Tutorial: Object Ranking

Roelof van Zwol - Yahoo! Research
Srinivas Vadrevu - Yahoo! Labs

Object ranking is an emerging discipline within information retrieval that is concerned with the ranking of objects, e.g. named entities and their attributes, in context of given a user query, or application. In this tutorial we will address the different aspects involved when building an object ranking system. We will present the state-of-the-art research in object ranking, as well as going into detail about our hands-on experiences when designing and developing the system for object ranking as it is in production at Yahoo! today. This allows for a unique mixture of research and development that will give the participants in-depth insights into the problem of object ranking.
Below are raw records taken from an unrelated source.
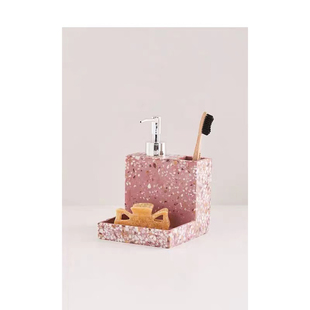 极简侘寂风ins双孔水磨石笔筒办公室书桌收纳盒样板间装饰品摆件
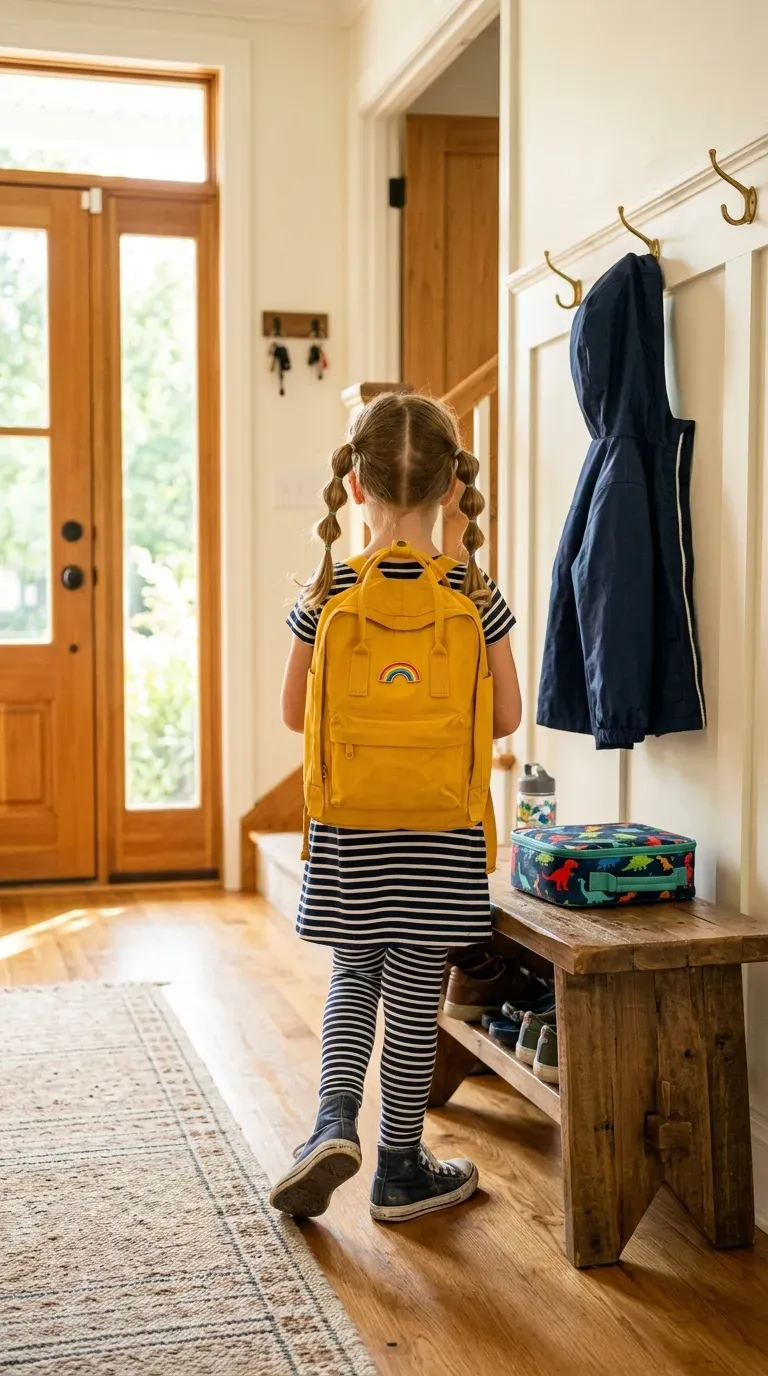 Young girl from behind with bubble pigtails and a yellow backpack in a hallway
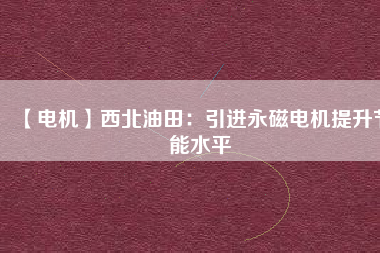 【電機】西北油田：引進永磁電機提升節(jié)能水平
          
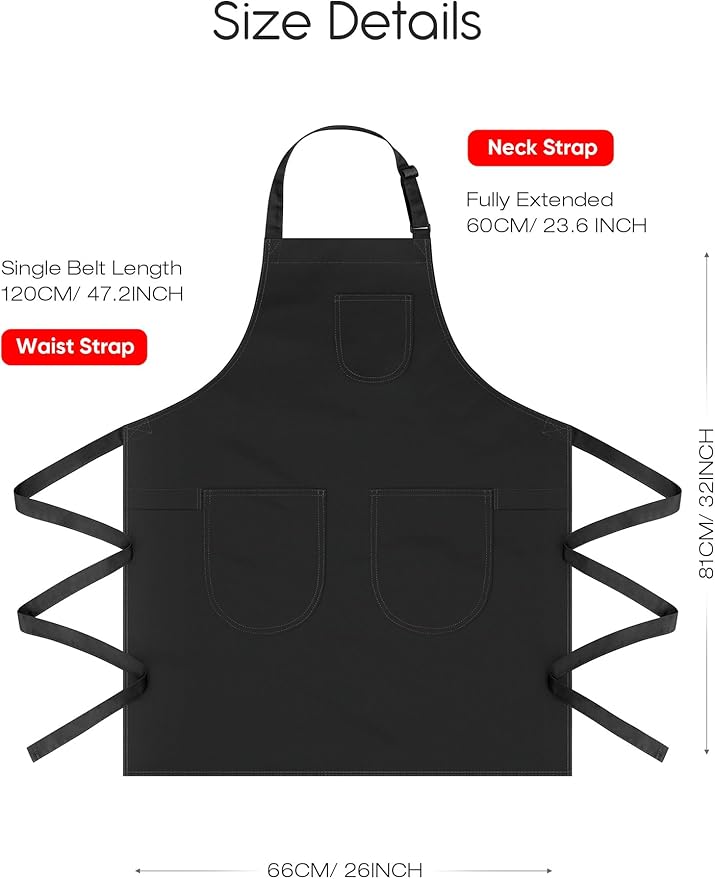 Unisex Apron with Pockets for Cooking, Salon & Art - 100% Cotton Adult Kitchen, Chef, Stylist Apron (Black)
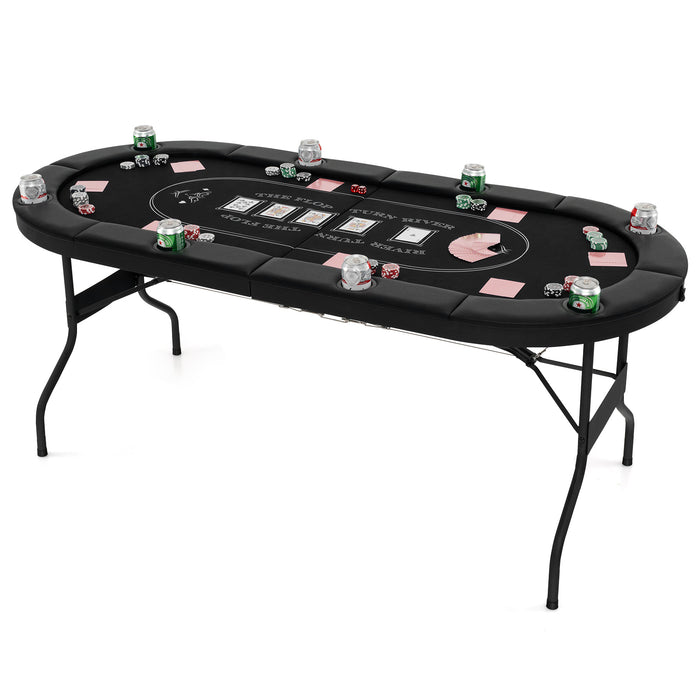 Foldable Poker Table for 8 Players Portable Oval Card Board with Cup Holders-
The focus of current Web search engines is to retrieve relevant documents on the Web, and more precisely documents that match with the query intent of the user. Some users are looking for specific information, while other just want to access rich media content (images, videos, etc.) or explore a topic. In the latter scenario, users do not have a fixed or pre-determined information need, but are using the search engine to discover information related to a particular object of interest. In this scenario one can say that the user is in a exploratory mode.

To support users in their exploratory search the search engines are offering semantic search suggestions. In this tutorial, we will present a generic framework for ranking related objects. This framework ranks related entities according to two dimensions: a lateral dimension and a faceted dimension. In the lateral dimension, related entities are of the same nature as the entity queried (e.g. Barcelona and Madrid, or Angelina Jolie and Jessica Alba). In the faceted dimension, related entities are usually not of the same type as the queried entity, and refer to a specific aspect of the queried entity (e.g. Jennifer Aniston and the tvshow Friends).
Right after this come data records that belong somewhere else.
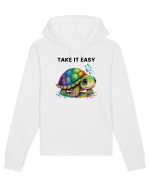 Broasca testoasa pictata in acuarela cu mesajul  Take it Easy Hanorac Unisex Drummer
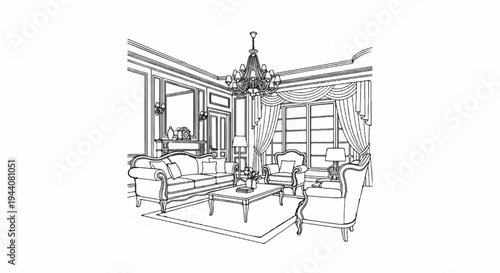 Elegant room interior with ornate furniture, chandelier, fireplace, and draped windows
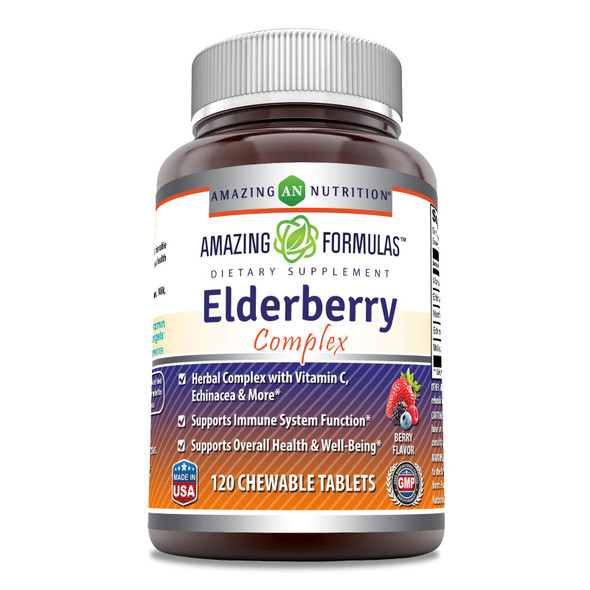 Amazing Formulas Elderberry Complex Supplement | 120 Chewable Tablets | Berry Flavor | Non-Gmo | Gluten-Free | Made In Usa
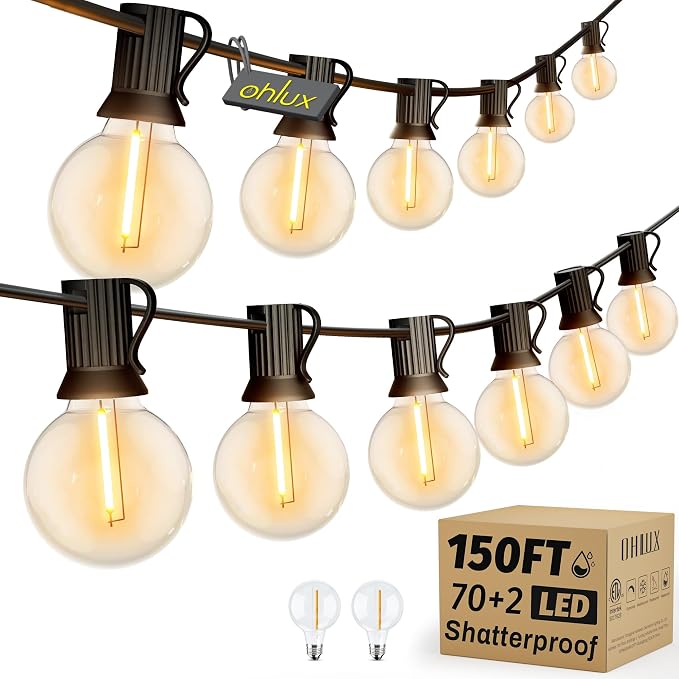 OHLUX Outdoor String Lights, 150FT Patio Lights with 70+2 Dimmable Plastic LED G40 Bulbs, 2200K Waterproof Connectable Hanging String for Backyard Cafe Porch Deck E12 Base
In this tutorial we will describe the process of building a Web-scale object ranking system. In particular we will address the construction of a knowledge base that forms the basis for the object ranking, and the generation of ranking features using external sources such as search engine query logs, photo annotations in Flickr, and tweets on Twitter. Next, we will discuss machine learned ranking models using an ensemble of pair-wise preference models, and address various aspects of object ranking, including multi-media extensions, vertical solutions, attribute-aware ranking, and the importance of freshness. Last but not least, we will address the evaluation methodologies involved to tune the performance of Web-scale object ranking strategies.

 

Speakers:

 

Roelof van Zwol - Yahoo! Research

Dr. Roelof van Zwol is a senior research scientist at Yahoo! Research, where he is managing the multimedia research team. He has more than 10 years of international research experience in multimedia, information retrieval, (social) media mining, object ranking, spatial search, XML, databases, and machine learning. He is passionate about conducting research in an industrial context and to apply the outcomes in high-impact end-user services. His work on object ranking now powers the left-rail search suggestions in Yahoo!'s Web and image search engine. Prior to joining Yahoo he was an assistant professor at Utrecht University in the Netherlands. He received his Ph.D. in Computer Science in 2002 from the University of Twente in the Netherlands. Roelof van Zwol is the author of more than 70 peer reviewed publications. He was co-chair of CIVR in 2009, and organizer of the second CHORUS conference on Multimedia Search, as well as the organizer of 5 workshops themed around Web search, multimedia, and information retrieval.

Srinivas Vadrevu - Yahoo! Labs

Dr. Srinivas Vadrevu is a senior research scientist at Yahoo! Labs.  His current work at Yahoo! involves ranking related problems such as Web search ranking, cross-domain ranking for international countries and ranking and recommendation of related entities. During this time, he authored several publications at venues such as WWW, CIKM and KDD conferences and Machine Learning Journal. His recent work on object ranking powers entity search experiences at various parts within Yahoo!.  Previously he worked on information extraction and particularly on extracting structured data from Web pages, where he published a number of papers.  He received his Ph.D. in Computer Science from Arizona State University and received his M.S. in Computer Science from University of Minnesota, Duluth.